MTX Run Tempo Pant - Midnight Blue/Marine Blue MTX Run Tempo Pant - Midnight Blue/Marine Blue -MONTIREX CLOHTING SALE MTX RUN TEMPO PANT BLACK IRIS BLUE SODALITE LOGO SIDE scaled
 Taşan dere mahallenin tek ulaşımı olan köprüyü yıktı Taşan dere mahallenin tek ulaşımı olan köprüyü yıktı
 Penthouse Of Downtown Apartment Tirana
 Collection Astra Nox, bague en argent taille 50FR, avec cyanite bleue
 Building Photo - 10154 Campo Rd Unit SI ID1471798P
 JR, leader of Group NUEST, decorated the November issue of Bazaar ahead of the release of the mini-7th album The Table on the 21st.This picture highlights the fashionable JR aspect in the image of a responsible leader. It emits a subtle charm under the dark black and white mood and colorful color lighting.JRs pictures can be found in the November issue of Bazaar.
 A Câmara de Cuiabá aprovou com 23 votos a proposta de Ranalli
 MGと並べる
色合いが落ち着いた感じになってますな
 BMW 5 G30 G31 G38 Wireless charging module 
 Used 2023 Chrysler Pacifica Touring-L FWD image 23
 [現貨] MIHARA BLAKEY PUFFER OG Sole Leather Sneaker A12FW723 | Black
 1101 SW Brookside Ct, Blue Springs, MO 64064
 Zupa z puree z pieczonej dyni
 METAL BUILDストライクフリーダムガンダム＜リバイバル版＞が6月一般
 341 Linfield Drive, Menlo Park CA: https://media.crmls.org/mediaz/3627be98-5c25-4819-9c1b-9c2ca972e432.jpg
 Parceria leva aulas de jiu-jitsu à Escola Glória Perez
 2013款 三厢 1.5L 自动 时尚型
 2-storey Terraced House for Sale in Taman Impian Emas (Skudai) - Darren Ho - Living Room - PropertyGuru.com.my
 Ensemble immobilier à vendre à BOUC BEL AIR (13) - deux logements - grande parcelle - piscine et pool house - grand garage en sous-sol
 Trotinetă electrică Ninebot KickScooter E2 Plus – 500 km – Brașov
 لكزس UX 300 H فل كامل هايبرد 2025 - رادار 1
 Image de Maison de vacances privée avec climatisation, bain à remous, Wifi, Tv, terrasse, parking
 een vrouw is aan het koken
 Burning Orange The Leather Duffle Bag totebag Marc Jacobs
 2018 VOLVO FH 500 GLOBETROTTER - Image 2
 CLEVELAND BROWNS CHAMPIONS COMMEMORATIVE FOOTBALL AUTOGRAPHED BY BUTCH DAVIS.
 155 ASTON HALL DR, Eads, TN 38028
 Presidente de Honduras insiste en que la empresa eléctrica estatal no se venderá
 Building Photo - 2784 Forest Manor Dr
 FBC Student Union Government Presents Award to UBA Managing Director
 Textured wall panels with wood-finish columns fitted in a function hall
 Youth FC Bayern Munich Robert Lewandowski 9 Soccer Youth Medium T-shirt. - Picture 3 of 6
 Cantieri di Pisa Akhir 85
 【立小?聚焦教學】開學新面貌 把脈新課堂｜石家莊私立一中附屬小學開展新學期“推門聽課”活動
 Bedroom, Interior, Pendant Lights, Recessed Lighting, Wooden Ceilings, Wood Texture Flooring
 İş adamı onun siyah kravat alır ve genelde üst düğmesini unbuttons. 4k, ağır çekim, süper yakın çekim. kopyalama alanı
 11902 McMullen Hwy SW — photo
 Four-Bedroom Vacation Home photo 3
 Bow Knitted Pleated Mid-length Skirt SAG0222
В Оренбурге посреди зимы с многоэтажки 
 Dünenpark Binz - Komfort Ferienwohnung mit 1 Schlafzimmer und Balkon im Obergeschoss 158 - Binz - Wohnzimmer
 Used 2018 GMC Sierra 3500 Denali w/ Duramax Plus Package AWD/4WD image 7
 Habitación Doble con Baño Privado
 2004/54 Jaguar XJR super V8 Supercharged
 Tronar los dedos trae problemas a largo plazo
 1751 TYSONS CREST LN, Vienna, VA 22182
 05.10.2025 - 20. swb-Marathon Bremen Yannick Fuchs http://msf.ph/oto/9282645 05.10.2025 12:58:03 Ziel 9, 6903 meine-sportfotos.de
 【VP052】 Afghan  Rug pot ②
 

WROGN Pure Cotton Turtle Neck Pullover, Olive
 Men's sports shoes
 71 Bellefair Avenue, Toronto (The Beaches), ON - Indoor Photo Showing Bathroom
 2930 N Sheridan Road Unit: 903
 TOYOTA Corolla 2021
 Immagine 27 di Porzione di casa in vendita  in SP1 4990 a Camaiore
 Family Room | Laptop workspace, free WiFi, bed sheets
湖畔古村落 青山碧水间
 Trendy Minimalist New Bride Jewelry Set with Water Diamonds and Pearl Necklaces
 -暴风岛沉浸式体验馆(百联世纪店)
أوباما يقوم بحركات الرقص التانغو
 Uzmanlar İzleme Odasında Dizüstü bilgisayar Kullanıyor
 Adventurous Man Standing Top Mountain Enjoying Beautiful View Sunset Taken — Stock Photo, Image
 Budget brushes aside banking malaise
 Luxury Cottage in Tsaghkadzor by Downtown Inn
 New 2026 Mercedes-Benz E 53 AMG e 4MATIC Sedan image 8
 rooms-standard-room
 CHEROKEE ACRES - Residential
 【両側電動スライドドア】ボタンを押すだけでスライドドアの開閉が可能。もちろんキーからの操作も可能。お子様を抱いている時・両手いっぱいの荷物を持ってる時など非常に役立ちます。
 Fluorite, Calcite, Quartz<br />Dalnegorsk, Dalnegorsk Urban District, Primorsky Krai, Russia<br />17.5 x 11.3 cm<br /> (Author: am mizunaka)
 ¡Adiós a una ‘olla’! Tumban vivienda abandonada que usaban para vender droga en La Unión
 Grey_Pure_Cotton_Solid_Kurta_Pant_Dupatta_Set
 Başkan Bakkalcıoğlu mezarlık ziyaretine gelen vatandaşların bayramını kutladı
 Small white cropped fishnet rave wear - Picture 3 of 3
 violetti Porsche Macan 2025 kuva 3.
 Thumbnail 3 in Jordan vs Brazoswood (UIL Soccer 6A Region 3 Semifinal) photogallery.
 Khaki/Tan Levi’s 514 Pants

[EXERCISE]
Set down verbatim only the lines between the start of the data above and the line with "2013款 三厢 1.5L 自动 时尚型", both boundaries included.

[YOUR SOLUTION]
MTX Run Tempo Pant - Midnight Blue/Marine Blue MTX Run Tempo Pant - Midnight Blue/Marine Blue -MONTIREX CLOHTING SALE MTX RUN TEMPO PANT BLACK IRIS BLUE SODALITE LOGO SIDE scaled
 Taşan dere mahallenin tek ulaşımı olan köprüyü yıktı Taşan dere mahallenin tek ulaşımı olan köprüyü yıktı
 Penthouse Of Downtown Apartment Tirana
 Collection Astra Nox, bague en argent taille 50FR, avec cyanite bleue
 Building Photo - 10154 Campo Rd Unit SI ID1471798P
 JR, leader of Group NUEST, decorated the November issue of Bazaar ahead of the release of the mini-7th album The Table on the 21st.This picture highlights the fashionable JR aspect in the image of a responsible leader. It emits a subtle charm under the dark black and white mood and colorful color lighting.JRs pictures can be found in the November issue of Bazaar.
 A Câmara de Cuiabá aprovou com 23 votos a proposta de Ranalli
 MGと並べる
色合いが落ち着いた感じになってますな
 BMW 5 G30 G31 G38 Wireless charging module 
 Used 2023 Chrysler Pacifica Touring-L FWD image 23
 [現貨] MIHARA BLAKEY PUFFER OG Sole Leather Sneaker A12FW723 | Black
 1101 SW Brookside Ct, Blue Springs, MO 64064
 Zupa z puree z pieczonej dyni
 METAL BUILDストライクフリーダムガンダム＜リバイバル版＞が6月一般
 341 Linfield Drive, Menlo Park CA: https://media.crmls.org/mediaz/3627be98-5c25-4819-9c1b-9c2ca972e432.jpg
 Parceria leva aulas de jiu-jitsu à Escola Glória Perez
 2013款 三厢 1.5L 自动 时尚型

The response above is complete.